Based upon the Black-Scholes calculation, share-based compensation expense related to employee and director stock option grants totaled $394,000 and $348,000 for the nine months ended September 30, 2013 and 2012, respectively. The unamortized expense as of September 30, 2013, was approximately $1.4 million for outstanding stock option grants.


On August 6, 2013, 428,000 new stock option grants were issued to employees at an exercise price of $2.14, which represents the fair market value of a share of the Company’s common stock on August 6, 2013, as determined in accordance with the Company’s 2008 Plan. The estimated stock compensation expense is $915,980, which will be recognized ratably over the four year vesting period. The fair value of each option was estimated on the date of grant using the Black-Scholes option-pricing model with the following weighted average assumptions: dividend yield of 0%; volatility factor of expected market price of common stock of 157%; risk free interest rate of 1.71%; and expected lives of 6 years.


On January 3, 2013 and May 7, 2013, 10,000 and 30,000 new stock option grants were issued to directors at an exercise price of $1.70 and $2.04, respectively which represents the fair market value of a share of the Company’s common stock on January 3, 2013 and May 7, 2013, respectively, as determined in accordance with the Company’s 2008 Plan. The estimated stock compensation expense is $17,000 and $61,200, respectively, which will be recognized ratably over the one year vesting period.
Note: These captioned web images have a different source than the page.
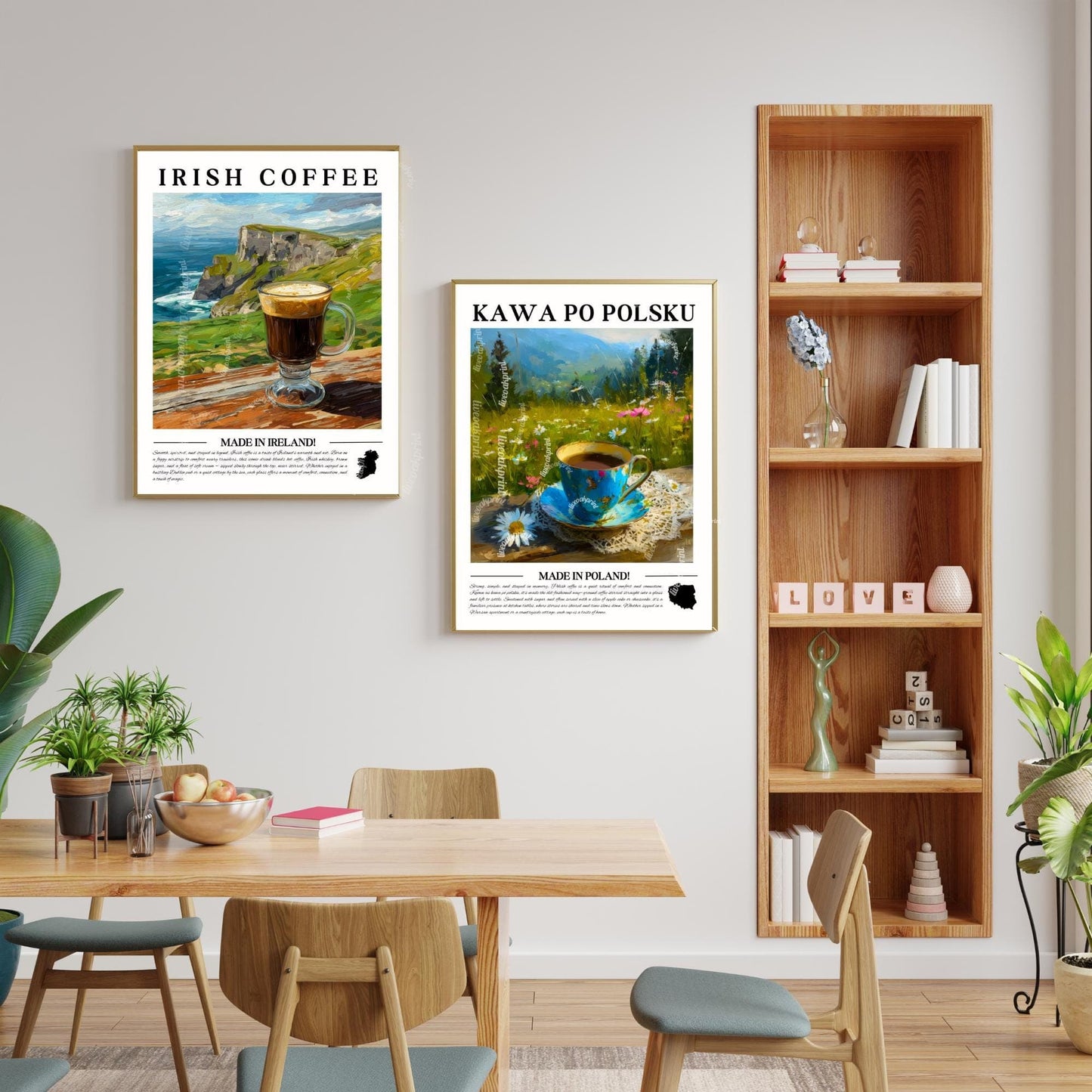 Polish Coffee Wall Art – Poland Kitchen Decor Rustic Coffee Print Polish Cafe Poster Countryside Art Print Coffee Lover Gift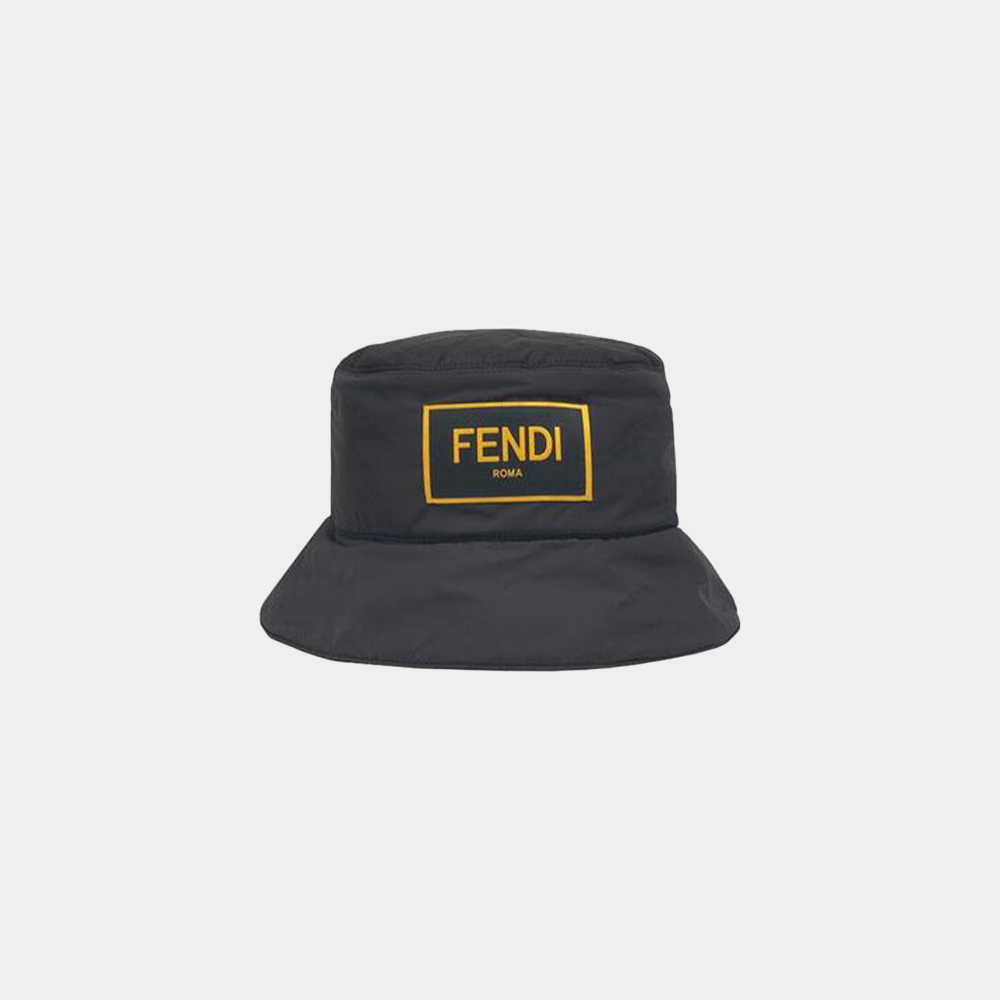 당일배송펜디 공용 스퀘어 옐로우 로고 나일론 버킷햇 블랙 모자 FXQ801 ADRT F0QA1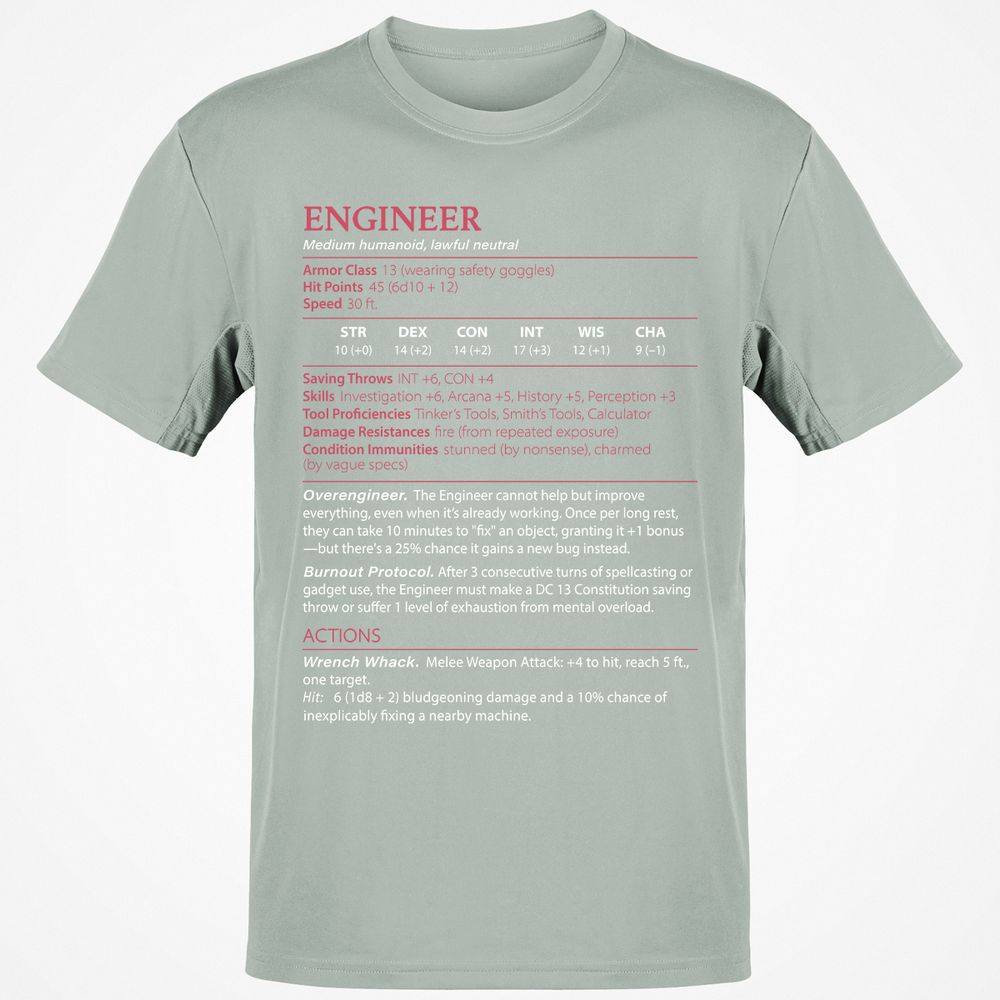 Engineer Stats Classic Unisex T-Shirt - Ash - 2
The fair value of each option is estimated based on the date of grant using the Black-Scholes option-pricing model with the following weighted average assumptions: dividend yield of 0%; volatility factor of expected market price of common stock of 157%; risk free interest rate of 1.71%; and expected lives of 6 years.


Additionally, during the nine months ended September 30, 2013, new stock option grants covering 28,000 SGRP Shares were awarded to eight new employees of the Company and SAS at an exercise price of $1.69 per share which represents the fair market value of a share of the Company’s common stock on the date of issue, as determined in accordance with the Company’s 2008 Plan. The estimated stock compensation expense is $47,320, which will be recognized ratably over the four year vesting period. The fair value of each option was estimated on the date of grant using the Black-Scholes option-pricing model with the following weighted average assumptions: dividend yield of 0%; volatility factor of expected market price of common stock of 157%; risk free interest rate of 1.71%; and expected lives of 6 years.


Pursuant to the 2008 Plan, SGRP's Compensation Committee authorized a restricted SGRP common stock award of 100,000 shares on March 10, 2011 (the "2011 RS Award"), and 25,000 shares on August 1, 2012 (the "2012 RS Award"), as additional compensation to Mr. Raymond, the Company's Chief Executive Officer and President.  The restricted shares vest in five equal parts on each of the five anniversaries following the award date (20,000 shares a year in the case of the 2011 RS Award, which started to vest on March 10, 2012, and 5,000 shares a year in the case of the 2012 RS Award, which starts to vest on August 1, 2013), so long as Mr. Raymond continues to be so employed by the Company on the applicable vesting date.  If Mr. Raymond leaves such employment, he will lose his right to receive any unvested shares. The compensation expense related to each such award will be amortized by the Company over the five (5) year vesting periods, starting on the issuance date of each award (March 10, 2011, and August 1, 2012, respectively).  The Company recorded compensation expenses for the nine months ended September 30, 2013, of $36,613 for the 2011 RS Award and $4,266 for the 2012 RS Award. The unamortized expense as of September 30, 2013 was $117,870 for the 2011 RS Award and $21,023 for the 2012 RS Award.